A year removed from being one of the worst teams in the NHL, the New Jersey Devils will be one of the hottest topics in the league this upcoming season.
After the Devils scintillating playoff run to the Stanley Cup Final, the Eastern Conference champion Devils will be playing in front of a national broadcast 13 times between NBC Sports and NBC Network, the league announced on Thursday.
New Jersey, who entered the playoffs this spring in fourth place in the Atlantic Division and sixth overall, didn’t play consistently on national television until the post-season, but that will change next season.
Seemingly every Sunday afternoon, NBC was filled with games including the Pittsburgh Penguins, Philadelphia Flyers and New York Rangers, but perhaps those tides will change when the 2012 season gets underway.
After all, the Devils did dismount the Flyers and Rangers, despite both teams receiving much higher ratings in the regular season, and both being heavy favorites in their respective playoff series’ against New Jersey.
The move does make sense for the league. Throughout their playoff run, the Devils quickly became one of the most exciting teams to watch.

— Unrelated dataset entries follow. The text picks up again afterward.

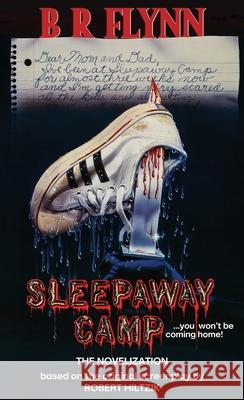 Sleepaway Camp: The Novelization B. R. Flynn 9781966037453 Encyclopocalypse Publications - książka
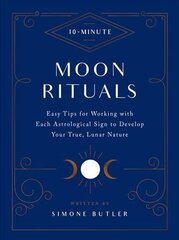 10-Minute Moon Rituals: Easy Tips for Working with Each Astrological Sign to Develop Your True, Lunar Nature цена и информация | Самоучители | kaup24.ee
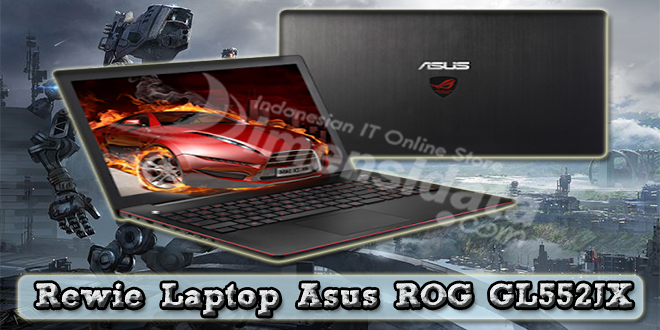 Spesifikasi Dan Harga Terbaru Laptop Asus ROG GL552JX
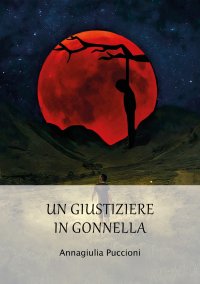 Immagine copertina libro Un giustiziere in gonnella. Il significato dell’innocenza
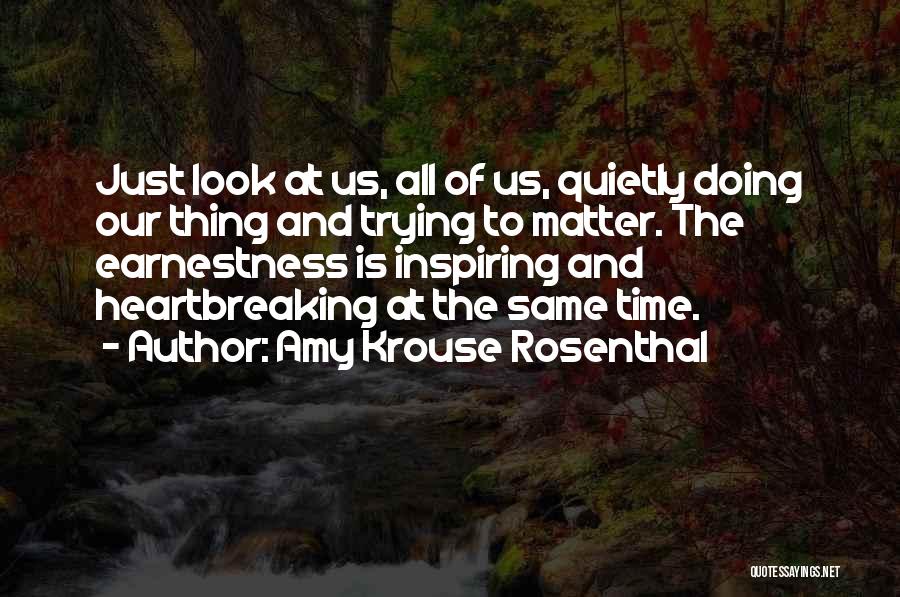 Amy Krouse Rosenthal Quotes: Just Look At Us, All Of Us, Quietly Doing Our Thing And Trying To Matter. The Earnestness Is Inspiring And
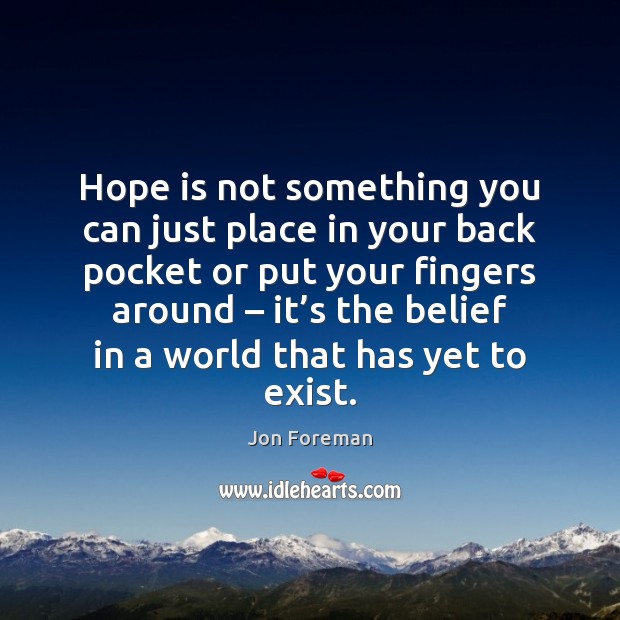 Hope is not something you can just place in your back pocket Jon Foreman Picture Quote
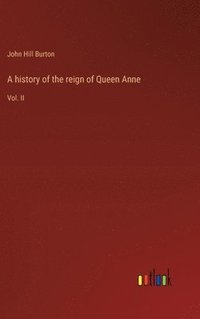 bokomslag A history of the reign of Queen Anne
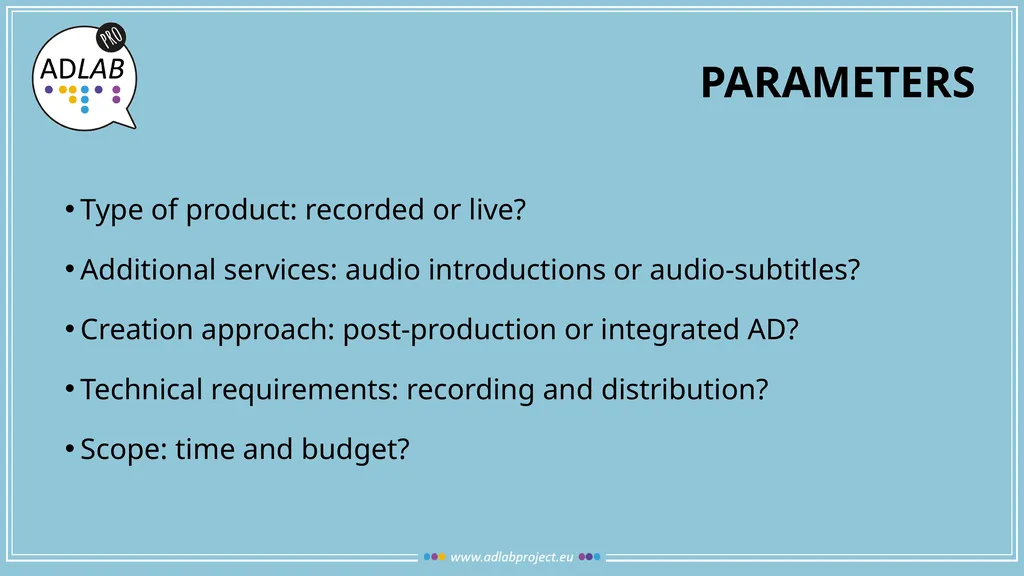 THE AUDIO DESCRIPTION PROCESS MODULE 1 UNIT 5 NINA - slide 3 of 21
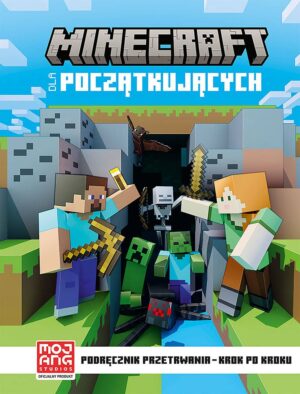 Książeczka Minecraft dla początkujących. Podręcznik przetrwania - krok po kroku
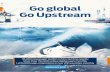 Go global Go Upstream · Go global Go Upstream Media pack 2019 38,000 newspaper readers in 104 countries weekly More than 150,000 unique digital users monthly 1,200,000 page-impressions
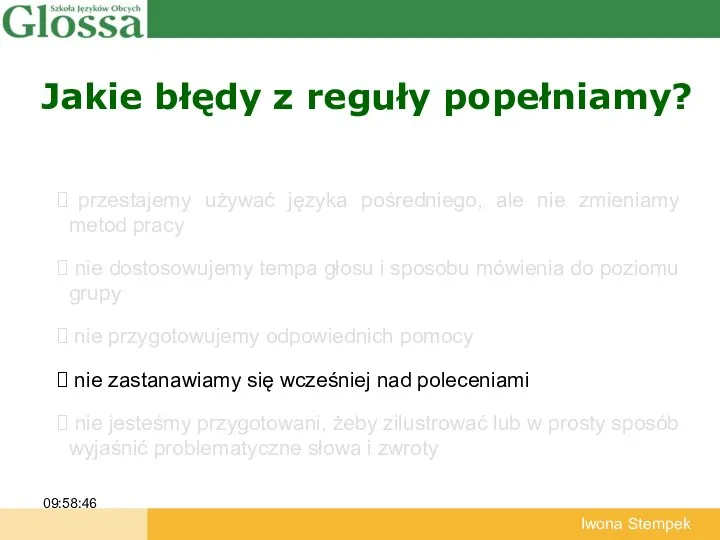 Jakie błędy z reguły popełniamy? 09:58:46 Iwona Stempek przestajemy używać języka pośredniego,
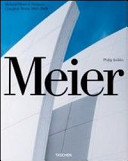 Meier : Richard Meier & Partners complete works 1963-2013 /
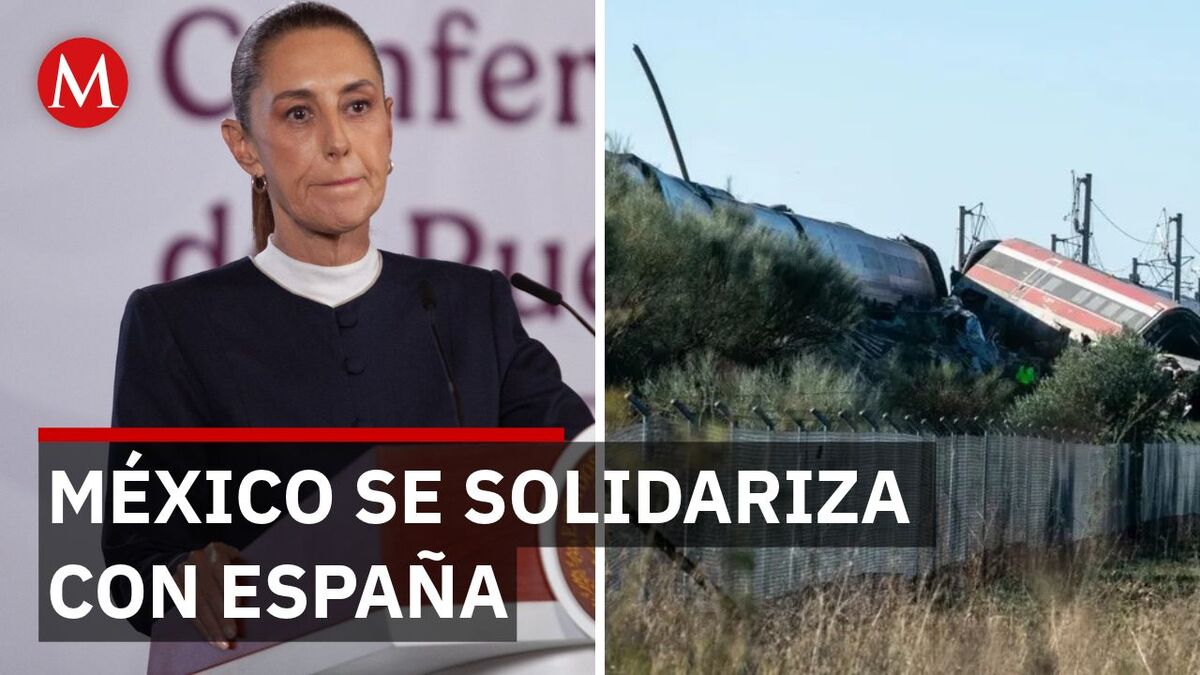 Sheinbaum responde por choque de trenes en España con 68 muertos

With their fourth line scoring virtually every night and their forecheck out-working the top lines of the Flyers and Rangers, people grew accustomed to the Devils winning hockey games with authority.
And, of course, New Jersey did save its best hockey for those games that were nationally televised in May.
Perhaps the most intriguing match-up that will be broadcasted will be the Stanley Cup Final rematch with the Los Angeles Kings on Feb. 9. Finishing in a likewise second place would most notably be the Devils game against the Minnesota Wild on Nov. 11. Both of those games will be at Prudential Center and are subject to change with a lockout looming over the league.
New Jersey’s first game against the Rangers will be featured on Oct. 17 on NBC Sports.
Among other notable games, the Devils will play Pittsburgh on Nov. 3 and two games against the Flyers — home and away — on March 13 and Dec. 19, respectively.
The league may have fallen asleep on New Jersey in 2011, but it won’t happen again. With an aging goaltender who many believed was past his time, and an inexperienced team with a leader on his way out the door, there wasn’t much expected from the Devils. Now, all eyes will be on the team that stunned nearly everyone en route to a Prince of Wales Trophy.
If the playoffs are any type of indication, it might be better that way for New Jersey, who won 14 of their 24 post-season games this season.
The constant? They were all on national television.